:: Instructions to follow ::
All of the data should be output character for character, except the pictures.

:: Record extracts ::
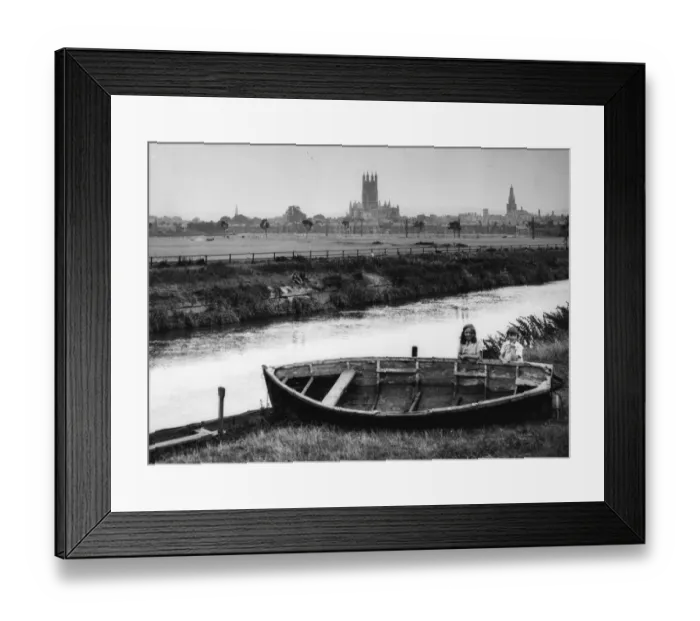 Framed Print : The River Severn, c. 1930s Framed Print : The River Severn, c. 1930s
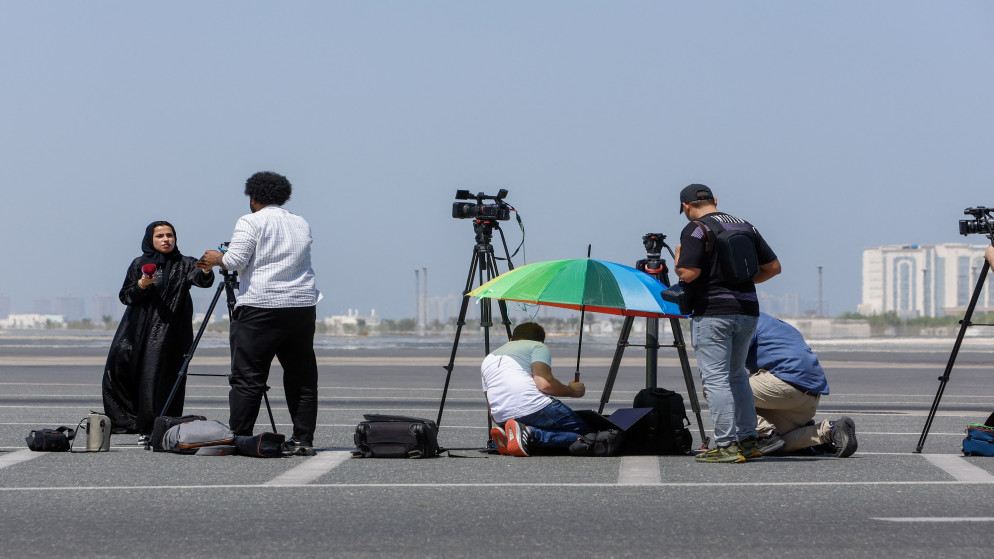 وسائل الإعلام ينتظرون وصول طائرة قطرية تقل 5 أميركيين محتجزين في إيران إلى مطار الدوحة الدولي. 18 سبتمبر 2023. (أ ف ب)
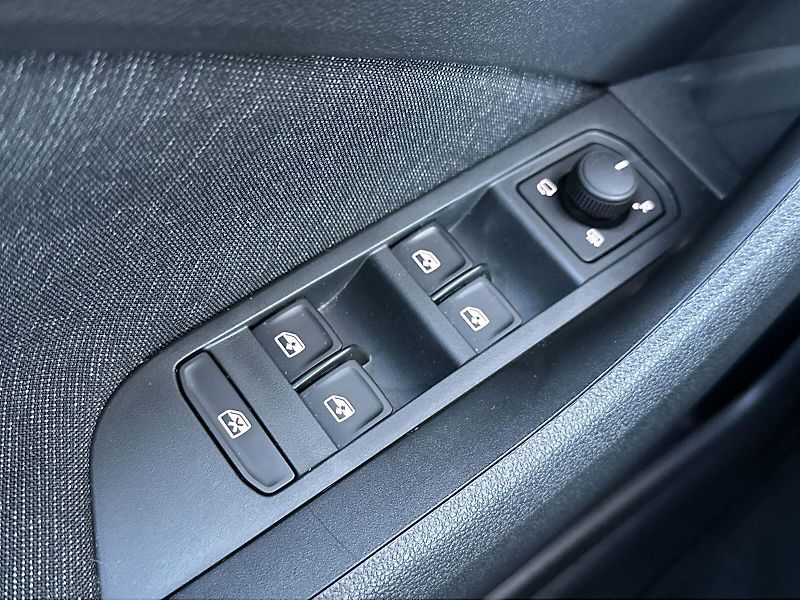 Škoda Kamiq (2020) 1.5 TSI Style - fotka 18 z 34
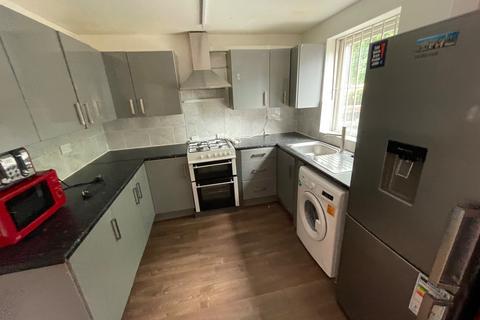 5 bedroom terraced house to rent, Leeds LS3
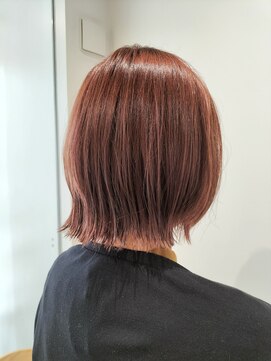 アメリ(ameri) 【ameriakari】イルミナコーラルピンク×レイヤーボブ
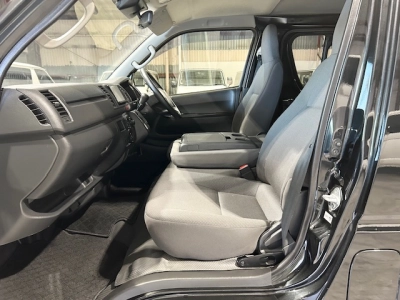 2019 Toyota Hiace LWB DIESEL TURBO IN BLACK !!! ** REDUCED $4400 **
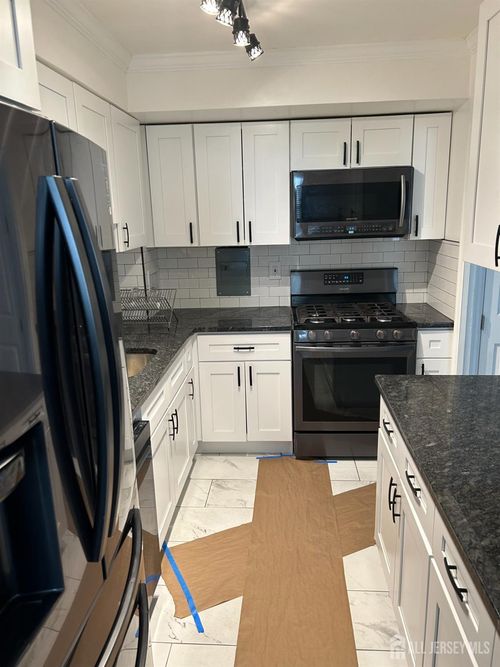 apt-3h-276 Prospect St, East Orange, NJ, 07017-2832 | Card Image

:: Problem solution ::
 Framed Print : The River Severn, c. 1930s Framed Print : The River Severn, c. 1930s
 وسائل الإعلام ينتظرون وصول طائرة قطرية تقل 5 أميركيين محتجزين في إيران إلى مطار الدوحة الدولي. 18 سبتمبر 2023. (أ ف ب)
 Škoda Kamiq (2020) 1.5 TSI Style - fotka 18 z 34
 5 bedroom terraced house to rent, Leeds LS3
 アメリ(ameri) 【ameriakari】イルミナコーラルピンク×レイヤーボブ
 2019 Toyota Hiace LWB DIESEL TURBO IN BLACK !!! ** REDUCED $4400 **
 apt-3h-276 Prospect St, East Orange, NJ, 07017-2832 | Card Image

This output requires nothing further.